Obviamente, Lieja es esto y mucho más, incluyendo en el repertorio de atractivos también los más conocidos, dignos de una visita todo ellos:
• Estación ferroviaria TGV Liège-Guillemins, bajo diseño de Santiago Calatrava, lo que implica que es «un Calatrava», pero con muchas menos quejas que en Valencia o Venecia.
• Palacio de los Príncipes Obispos de Lieja, imposible de que le pase desapercibido, por su mole imponente. La contundencia del palacio actual es obra de Erad de la Marck. Es la sede del Gobierno Provincial y de las oficinas de Justicia.
• Museo Grand Curtius. Salas de arqueología, artes decorativas, arte mosano, arte religioso, armas y cristal.

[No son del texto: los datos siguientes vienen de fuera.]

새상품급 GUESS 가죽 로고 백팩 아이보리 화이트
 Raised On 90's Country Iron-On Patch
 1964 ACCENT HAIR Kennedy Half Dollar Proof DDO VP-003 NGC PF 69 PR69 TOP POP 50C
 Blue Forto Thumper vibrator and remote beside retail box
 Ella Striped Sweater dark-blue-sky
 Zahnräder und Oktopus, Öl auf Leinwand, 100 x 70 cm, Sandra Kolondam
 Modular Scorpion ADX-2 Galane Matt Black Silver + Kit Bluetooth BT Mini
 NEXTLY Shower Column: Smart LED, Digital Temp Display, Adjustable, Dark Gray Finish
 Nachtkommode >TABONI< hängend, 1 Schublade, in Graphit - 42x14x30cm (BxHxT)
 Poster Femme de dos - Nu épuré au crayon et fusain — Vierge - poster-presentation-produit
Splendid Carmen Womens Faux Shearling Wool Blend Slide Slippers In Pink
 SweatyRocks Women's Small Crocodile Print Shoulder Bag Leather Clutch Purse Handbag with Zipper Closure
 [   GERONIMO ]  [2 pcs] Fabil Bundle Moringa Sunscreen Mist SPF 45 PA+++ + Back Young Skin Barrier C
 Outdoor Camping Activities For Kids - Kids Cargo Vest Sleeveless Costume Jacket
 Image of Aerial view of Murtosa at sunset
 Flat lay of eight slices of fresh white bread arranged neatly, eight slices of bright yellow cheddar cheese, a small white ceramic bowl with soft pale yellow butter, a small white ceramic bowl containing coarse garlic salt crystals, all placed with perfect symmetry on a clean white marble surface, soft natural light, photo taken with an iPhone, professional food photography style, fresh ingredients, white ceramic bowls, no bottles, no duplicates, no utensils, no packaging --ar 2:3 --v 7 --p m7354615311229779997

• Escaleras de la montaña de Bueren. Conducen a la ciudela desde la Rue Hors Château. Aseguran que son 373 escalones; otros hablan de 374. Difícil comprobarlo por segunda vez. De lo que no hay duda es de las amplias vistas que se consiguen cuando alcanzas la cima y se te serena el pulso.
• La Ópera de Valonia, inaugurada en 1820.
¿Y del chocolate no vamos a hablar? No. El chocolate tendrá que ir usted mismo a degustarlo: es algo inenarrable.